[Web page caption snippets]
= Beginning of Section =
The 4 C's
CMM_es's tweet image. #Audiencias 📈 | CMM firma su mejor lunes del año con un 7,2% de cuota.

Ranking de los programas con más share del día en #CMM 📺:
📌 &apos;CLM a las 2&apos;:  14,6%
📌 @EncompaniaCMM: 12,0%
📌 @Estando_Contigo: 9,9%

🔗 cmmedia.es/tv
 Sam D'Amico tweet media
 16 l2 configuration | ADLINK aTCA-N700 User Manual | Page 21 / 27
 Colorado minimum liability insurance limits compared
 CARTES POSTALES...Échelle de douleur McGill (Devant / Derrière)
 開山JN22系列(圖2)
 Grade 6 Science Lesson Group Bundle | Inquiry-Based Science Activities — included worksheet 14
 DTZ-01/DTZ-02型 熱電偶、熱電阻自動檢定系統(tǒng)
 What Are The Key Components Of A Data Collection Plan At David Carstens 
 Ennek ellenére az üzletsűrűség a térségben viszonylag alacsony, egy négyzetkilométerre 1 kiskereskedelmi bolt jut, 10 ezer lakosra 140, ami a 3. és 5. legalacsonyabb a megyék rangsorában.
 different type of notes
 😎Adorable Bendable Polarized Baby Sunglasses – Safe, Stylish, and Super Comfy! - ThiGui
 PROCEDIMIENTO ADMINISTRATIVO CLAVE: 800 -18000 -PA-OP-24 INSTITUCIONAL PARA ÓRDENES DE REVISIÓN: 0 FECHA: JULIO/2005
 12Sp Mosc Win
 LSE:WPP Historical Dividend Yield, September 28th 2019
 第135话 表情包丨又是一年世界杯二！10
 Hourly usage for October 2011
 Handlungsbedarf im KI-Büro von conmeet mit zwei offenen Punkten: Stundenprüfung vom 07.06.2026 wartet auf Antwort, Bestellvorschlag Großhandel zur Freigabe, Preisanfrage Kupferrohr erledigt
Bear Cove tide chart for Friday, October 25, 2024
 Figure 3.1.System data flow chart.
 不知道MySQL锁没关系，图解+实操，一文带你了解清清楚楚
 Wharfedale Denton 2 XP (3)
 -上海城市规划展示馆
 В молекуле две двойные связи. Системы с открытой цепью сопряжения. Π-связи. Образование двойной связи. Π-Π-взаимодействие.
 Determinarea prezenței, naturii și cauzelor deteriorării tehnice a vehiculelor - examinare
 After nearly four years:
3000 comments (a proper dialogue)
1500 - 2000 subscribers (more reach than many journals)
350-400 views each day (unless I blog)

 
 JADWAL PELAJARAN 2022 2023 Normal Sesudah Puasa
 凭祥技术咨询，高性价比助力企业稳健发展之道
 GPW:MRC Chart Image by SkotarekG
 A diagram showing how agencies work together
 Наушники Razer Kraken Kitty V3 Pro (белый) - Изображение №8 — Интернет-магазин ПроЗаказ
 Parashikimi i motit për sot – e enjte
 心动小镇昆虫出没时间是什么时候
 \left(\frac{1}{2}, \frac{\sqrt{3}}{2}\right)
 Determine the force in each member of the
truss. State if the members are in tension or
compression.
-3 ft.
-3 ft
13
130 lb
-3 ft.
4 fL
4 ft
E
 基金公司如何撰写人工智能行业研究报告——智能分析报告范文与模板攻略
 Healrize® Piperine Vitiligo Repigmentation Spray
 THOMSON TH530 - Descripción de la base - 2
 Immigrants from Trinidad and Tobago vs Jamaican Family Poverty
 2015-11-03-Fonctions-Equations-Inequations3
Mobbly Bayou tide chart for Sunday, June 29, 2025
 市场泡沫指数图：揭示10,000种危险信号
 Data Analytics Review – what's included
= End of Section =
## PROMPT
Take the entries above and copy them exactly from the first line through the line with "不知道MySQL锁没关系，图解+实操，一文带你了解清清楚楚"; leave out every line after it.

## REPLY
The 4 C's
CMM_es's tweet image. #Audiencias 📈 | CMM firma su mejor lunes del año con un 7,2% de cuota.

Ranking de los programas con más share del día en #CMM 📺:
📌 &apos;CLM a las 2&apos;:  14,6%
📌 @EncompaniaCMM: 12,0%
📌 @Estando_Contigo: 9,9%

🔗 cmmedia.es/tv
 Sam D'Amico tweet media
 16 l2 configuration | ADLINK aTCA-N700 User Manual | Page 21 / 27
 Colorado minimum liability insurance limits compared
 CARTES POSTALES...Échelle de douleur McGill (Devant / Derrière)
 開山JN22系列(圖2)
 Grade 6 Science Lesson Group Bundle | Inquiry-Based Science Activities — included worksheet 14
 DTZ-01/DTZ-02型 熱電偶、熱電阻自動檢定系統(tǒng)
 What Are The Key Components Of A Data Collection Plan At David Carstens 
 Ennek ellenére az üzletsűrűség a térségben viszonylag alacsony, egy négyzetkilométerre 1 kiskereskedelmi bolt jut, 10 ezer lakosra 140, ami a 3. és 5. legalacsonyabb a megyék rangsorában.
 different type of notes
 😎Adorable Bendable Polarized Baby Sunglasses – Safe, Stylish, and Super Comfy! - ThiGui
 PROCEDIMIENTO ADMINISTRATIVO CLAVE: 800 -18000 -PA-OP-24 INSTITUCIONAL PARA ÓRDENES DE REVISIÓN: 0 FECHA: JULIO/2005
 12Sp Mosc Win
 LSE:WPP Historical Dividend Yield, September 28th 2019
 第135话 表情包丨又是一年世界杯二！10
 Hourly usage for October 2011
 Handlungsbedarf im KI-Büro von conmeet mit zwei offenen Punkten: Stundenprüfung vom 07.06.2026 wartet auf Antwort, Bestellvorschlag Großhandel zur Freigabe, Preisanfrage Kupferrohr erledigt
Bear Cove tide chart for Friday, October 25, 2024
 Figure 3.1.System data flow chart.
 不知道MySQL锁没关系，图解+实操，一文带你了解清清楚楚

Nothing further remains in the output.